Eliot Khalil Wilson
Origin Blues: An Elegy
Harley Wilson (1900–67)
I come from the leaning jack and the shattered rib,
the blasting cap and the phantom thumb;
I come from the chorus sway of pine, the boat ramp baptisms
and the great black skillet of relentless June.
I come from a long line of blighted cotton,
squinting through years of just plowing sand.
I come from the robbing land, the great pyramids
of fire ants, the tar paper, the tin can shingles.
I come from the coffee and Chesterfield dawn,
I come from the tender-mouthed crappie and the warmouth perch;
afraid of bankers, afraid of police car spotlights,
skies turning green and packs of wild dogs in the corn at night
And I believe what they say about my blood:
a tick’s grip, mule resolute, hacksaw spined,
overtime on the foundry’s knock-out line,
the bottom dog, the oysterman fighting the tide
though every night the tide gathers its things and leaves.
So old man, grandfather, dead forty years,
I know too well what hangs in our toolshed souls.

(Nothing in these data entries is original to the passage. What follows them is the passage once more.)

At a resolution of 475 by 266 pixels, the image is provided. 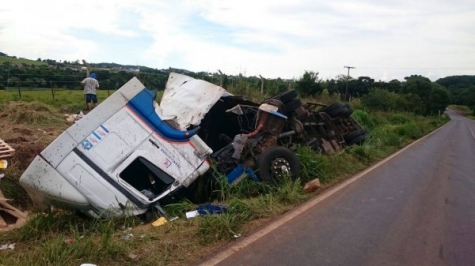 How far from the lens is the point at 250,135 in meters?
7.13

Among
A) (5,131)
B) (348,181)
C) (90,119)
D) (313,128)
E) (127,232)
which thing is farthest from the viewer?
(313,128)

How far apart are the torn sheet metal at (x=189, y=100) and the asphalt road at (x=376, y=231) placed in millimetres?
2576

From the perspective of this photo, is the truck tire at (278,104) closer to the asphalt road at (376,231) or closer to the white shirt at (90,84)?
the asphalt road at (376,231)

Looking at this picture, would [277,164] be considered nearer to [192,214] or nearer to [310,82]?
[192,214]

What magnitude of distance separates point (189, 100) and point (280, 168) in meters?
2.12

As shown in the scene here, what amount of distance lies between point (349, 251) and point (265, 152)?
2748 millimetres

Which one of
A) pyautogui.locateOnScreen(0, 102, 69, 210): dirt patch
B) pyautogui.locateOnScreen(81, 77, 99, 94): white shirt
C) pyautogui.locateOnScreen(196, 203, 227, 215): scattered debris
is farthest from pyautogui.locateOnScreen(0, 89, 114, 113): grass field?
pyautogui.locateOnScreen(196, 203, 227, 215): scattered debris

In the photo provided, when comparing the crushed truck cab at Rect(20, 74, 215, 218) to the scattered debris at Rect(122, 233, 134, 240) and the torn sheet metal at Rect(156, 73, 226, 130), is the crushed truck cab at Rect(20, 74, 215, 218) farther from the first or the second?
the torn sheet metal at Rect(156, 73, 226, 130)

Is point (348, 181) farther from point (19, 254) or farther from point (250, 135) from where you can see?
point (19, 254)

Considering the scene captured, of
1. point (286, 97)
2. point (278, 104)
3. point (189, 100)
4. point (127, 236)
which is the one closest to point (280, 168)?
point (278, 104)

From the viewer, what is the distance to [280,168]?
269 inches

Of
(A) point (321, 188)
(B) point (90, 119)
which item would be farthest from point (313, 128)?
(B) point (90, 119)

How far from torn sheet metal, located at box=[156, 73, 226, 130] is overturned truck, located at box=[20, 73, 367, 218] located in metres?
0.02

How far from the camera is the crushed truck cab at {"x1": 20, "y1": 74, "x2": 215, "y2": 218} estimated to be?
15.3 ft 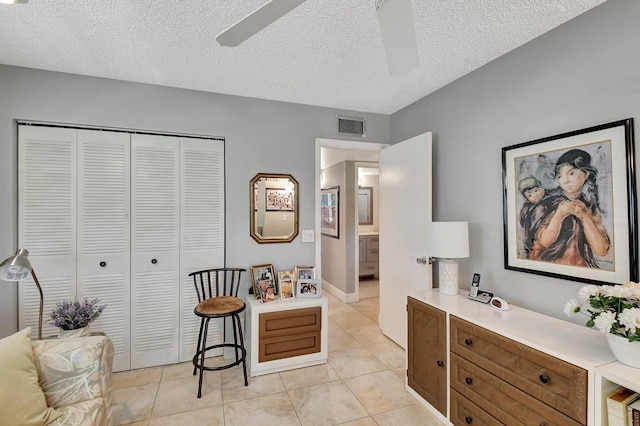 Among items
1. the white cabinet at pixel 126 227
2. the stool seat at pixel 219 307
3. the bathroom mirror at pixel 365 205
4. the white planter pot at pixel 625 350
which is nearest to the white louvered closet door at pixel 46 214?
the white cabinet at pixel 126 227

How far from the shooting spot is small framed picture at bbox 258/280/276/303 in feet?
8.98

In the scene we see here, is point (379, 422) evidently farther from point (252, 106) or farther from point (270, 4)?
point (252, 106)

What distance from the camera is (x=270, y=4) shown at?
0.96 meters

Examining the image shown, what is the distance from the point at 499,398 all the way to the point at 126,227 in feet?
9.79

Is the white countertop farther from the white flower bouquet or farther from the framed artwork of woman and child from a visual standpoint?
the framed artwork of woman and child

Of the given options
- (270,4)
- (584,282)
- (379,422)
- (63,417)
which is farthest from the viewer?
(379,422)

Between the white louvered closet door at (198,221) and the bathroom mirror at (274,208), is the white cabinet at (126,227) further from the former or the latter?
the bathroom mirror at (274,208)

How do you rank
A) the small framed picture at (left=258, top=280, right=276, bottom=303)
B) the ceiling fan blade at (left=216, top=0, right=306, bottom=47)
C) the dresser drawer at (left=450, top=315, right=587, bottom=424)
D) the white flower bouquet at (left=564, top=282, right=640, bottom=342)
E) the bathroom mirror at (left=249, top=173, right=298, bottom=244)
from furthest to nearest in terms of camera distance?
the bathroom mirror at (left=249, top=173, right=298, bottom=244)
the small framed picture at (left=258, top=280, right=276, bottom=303)
the dresser drawer at (left=450, top=315, right=587, bottom=424)
the white flower bouquet at (left=564, top=282, right=640, bottom=342)
the ceiling fan blade at (left=216, top=0, right=306, bottom=47)

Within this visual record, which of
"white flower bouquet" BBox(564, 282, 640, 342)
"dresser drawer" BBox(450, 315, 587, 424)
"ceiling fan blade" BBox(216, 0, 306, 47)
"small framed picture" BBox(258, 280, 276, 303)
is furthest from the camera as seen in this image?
"small framed picture" BBox(258, 280, 276, 303)

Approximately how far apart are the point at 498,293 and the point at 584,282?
1.97ft

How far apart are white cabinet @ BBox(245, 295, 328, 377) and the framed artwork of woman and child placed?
1.63 meters

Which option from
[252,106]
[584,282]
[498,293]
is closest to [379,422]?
[498,293]

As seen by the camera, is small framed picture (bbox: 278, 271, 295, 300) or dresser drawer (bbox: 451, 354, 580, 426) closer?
dresser drawer (bbox: 451, 354, 580, 426)

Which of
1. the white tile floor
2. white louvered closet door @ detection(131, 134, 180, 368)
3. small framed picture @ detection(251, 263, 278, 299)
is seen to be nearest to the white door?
the white tile floor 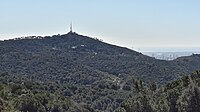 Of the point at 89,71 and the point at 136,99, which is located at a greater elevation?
the point at 136,99

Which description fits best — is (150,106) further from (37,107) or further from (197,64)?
(197,64)

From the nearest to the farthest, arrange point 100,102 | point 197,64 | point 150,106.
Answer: point 150,106, point 100,102, point 197,64

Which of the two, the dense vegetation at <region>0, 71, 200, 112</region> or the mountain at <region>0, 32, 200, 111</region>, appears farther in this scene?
the mountain at <region>0, 32, 200, 111</region>

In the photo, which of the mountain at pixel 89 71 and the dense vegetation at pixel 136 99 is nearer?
the dense vegetation at pixel 136 99

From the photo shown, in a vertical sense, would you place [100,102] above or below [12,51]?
below

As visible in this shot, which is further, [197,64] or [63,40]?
[63,40]

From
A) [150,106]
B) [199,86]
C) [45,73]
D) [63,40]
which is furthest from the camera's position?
[63,40]

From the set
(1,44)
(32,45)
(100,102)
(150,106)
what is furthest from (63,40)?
(150,106)

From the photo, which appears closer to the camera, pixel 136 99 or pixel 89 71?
pixel 136 99
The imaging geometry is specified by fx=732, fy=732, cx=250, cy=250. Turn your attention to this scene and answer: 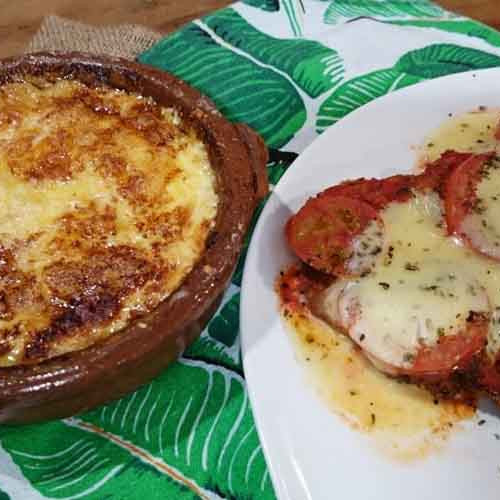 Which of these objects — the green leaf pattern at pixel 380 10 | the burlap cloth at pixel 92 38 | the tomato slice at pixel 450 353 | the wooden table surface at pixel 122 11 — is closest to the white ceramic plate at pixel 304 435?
the tomato slice at pixel 450 353

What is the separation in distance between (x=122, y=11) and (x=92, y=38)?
0.22 metres

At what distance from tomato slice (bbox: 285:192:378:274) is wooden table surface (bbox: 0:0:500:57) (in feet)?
3.68

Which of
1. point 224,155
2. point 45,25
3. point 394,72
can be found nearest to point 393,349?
point 224,155

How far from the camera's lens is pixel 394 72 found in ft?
6.77

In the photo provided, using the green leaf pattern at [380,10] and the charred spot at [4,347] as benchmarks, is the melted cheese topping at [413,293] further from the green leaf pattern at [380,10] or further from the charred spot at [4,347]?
the green leaf pattern at [380,10]

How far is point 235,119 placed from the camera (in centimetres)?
200

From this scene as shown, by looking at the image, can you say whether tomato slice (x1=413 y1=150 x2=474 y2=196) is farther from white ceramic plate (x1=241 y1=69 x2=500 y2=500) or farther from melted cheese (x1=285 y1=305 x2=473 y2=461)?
melted cheese (x1=285 y1=305 x2=473 y2=461)

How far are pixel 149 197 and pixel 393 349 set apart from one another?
1.77 feet

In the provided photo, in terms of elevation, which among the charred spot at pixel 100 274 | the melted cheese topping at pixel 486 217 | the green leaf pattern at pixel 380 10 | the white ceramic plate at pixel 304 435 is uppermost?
the green leaf pattern at pixel 380 10

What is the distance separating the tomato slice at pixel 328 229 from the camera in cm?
149

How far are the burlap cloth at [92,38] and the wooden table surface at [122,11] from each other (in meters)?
0.09

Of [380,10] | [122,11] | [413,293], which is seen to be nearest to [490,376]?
[413,293]

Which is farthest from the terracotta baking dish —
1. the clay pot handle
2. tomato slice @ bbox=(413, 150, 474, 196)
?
tomato slice @ bbox=(413, 150, 474, 196)

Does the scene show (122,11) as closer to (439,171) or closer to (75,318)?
(439,171) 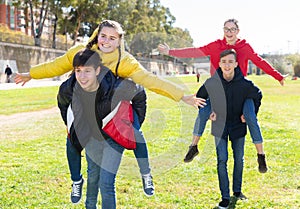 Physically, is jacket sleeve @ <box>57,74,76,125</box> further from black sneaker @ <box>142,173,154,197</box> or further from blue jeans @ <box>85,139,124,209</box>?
black sneaker @ <box>142,173,154,197</box>

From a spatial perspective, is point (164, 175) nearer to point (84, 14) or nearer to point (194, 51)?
point (194, 51)

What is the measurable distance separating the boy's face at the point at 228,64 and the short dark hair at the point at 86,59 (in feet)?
5.56

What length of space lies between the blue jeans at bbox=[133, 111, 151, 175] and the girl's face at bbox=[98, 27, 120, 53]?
699mm

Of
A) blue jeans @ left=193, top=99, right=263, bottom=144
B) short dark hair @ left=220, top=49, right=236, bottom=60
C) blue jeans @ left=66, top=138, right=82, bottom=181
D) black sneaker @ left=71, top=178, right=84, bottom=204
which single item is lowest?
black sneaker @ left=71, top=178, right=84, bottom=204

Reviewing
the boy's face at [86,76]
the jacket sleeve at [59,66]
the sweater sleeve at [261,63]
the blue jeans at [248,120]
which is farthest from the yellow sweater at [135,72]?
the sweater sleeve at [261,63]

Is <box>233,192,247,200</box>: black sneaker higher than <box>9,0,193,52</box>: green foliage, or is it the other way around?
<box>9,0,193,52</box>: green foliage

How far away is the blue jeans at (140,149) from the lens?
4355 millimetres

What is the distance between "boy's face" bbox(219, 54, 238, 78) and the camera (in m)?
5.15

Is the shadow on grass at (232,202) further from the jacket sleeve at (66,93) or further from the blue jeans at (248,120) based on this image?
the jacket sleeve at (66,93)

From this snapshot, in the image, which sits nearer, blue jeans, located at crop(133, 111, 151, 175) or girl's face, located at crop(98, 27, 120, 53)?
girl's face, located at crop(98, 27, 120, 53)

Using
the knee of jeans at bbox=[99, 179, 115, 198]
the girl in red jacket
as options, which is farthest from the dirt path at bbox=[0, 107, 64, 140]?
the knee of jeans at bbox=[99, 179, 115, 198]

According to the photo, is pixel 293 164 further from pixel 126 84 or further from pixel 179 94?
pixel 126 84

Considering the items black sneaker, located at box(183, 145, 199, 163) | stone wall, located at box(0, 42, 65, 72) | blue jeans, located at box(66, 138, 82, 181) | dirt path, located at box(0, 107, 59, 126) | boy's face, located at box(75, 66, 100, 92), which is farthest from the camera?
stone wall, located at box(0, 42, 65, 72)

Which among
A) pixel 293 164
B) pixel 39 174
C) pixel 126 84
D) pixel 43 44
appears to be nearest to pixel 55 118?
pixel 39 174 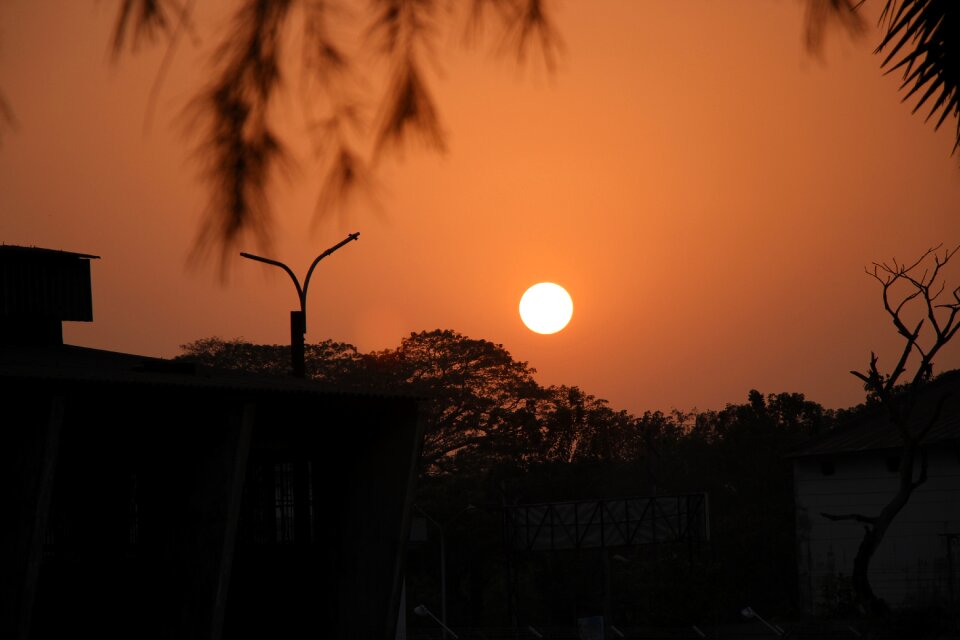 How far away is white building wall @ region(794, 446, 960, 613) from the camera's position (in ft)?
136

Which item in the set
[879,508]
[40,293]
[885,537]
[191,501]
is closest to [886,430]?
[879,508]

Not in the ground only are your spavined bones,
not in the ground only is the white rind of your skull.
I come from the barbed-wire pasture
and the horse’s punctured throat: I come from water oak;
I come from the beached blue crab cornered by gulls.
My not going back and your not leaving, exactly the same.
I come from rented land
though you planted clear to the kitchen door,
though the furrows matched the whorls of your thumb.
And I will tell you the most of my memory
of you now that you live in the mirrors of your kin:
Five years old and I stood on your shoulders
up through the green light of the burdened trees
to reach the hidden sunset peaches.
You held my calves to the side of your head, held me fast,
and, though the wasps on the ground stung you
and stung you, you would not let me fall.